Lustige und weniger lustige Kleingeschichten

Inhalt

Vorwort

Andrej

Andrej Levin, den ich bereits im Aufnahmelager für Aussiedler kennengelernt hatte, war ein lustiger Kerl. Besonders wohl fühlte er sich in gemütlicher Runde, nie hätte er ein Glas Bier oder ein Gläschen Wodka ausgeschlagen, und bei Anekdoten und Geschichten aus seiner gar nicht so langen Biographie, die er mit unnachahmlichem Witz darbot, ließen sich die Zuhörer in Lachkrämpfen winden.

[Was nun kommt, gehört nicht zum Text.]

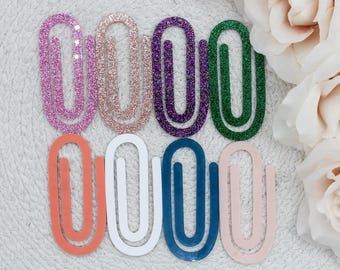 Peut inclure: Une collection de trombones colorés dans diverses nuances, dont rose, or rose, violet, vert, corail, blanc, bleu et rose clair. Certains clips ont des accents de paillettes. Les trombones sont disposés sur une surface blanche texturée.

Die Formalitäten bezüglich der Übersiedlung nach Deutschland dauerten ewig. Tagsüber zogen wir von einem Verwaltungsbüro zum anderen, fühlten Hunderte von Formularen aus und beantworteten Tausende Fragen; abends trafen wir uns auf dem Vorplatz des Heims oder in der Lagerkneipe, wo die zukünftigen Bürger Deutschlands der verlorenen Heimat nachtrauerten, in der Hoffnung hier eine neue zu finden, wobei deren Optimismus sich in Grenzen hielt.

Einmal fragte ich Andrej, ob er schon mal versucht hätte, seine Geschichten aufzuzeichnen, Novellen zu schreiben, etwas zu veröffentlichen. Doch, hatte er, es habe aber nicht geklappt. Das, was so belustigend und packend bei einer mündlichen Darbietung herüberkam, erschien, aufs Papier gebracht, fahl, uninteressant, ja, einfach leblos.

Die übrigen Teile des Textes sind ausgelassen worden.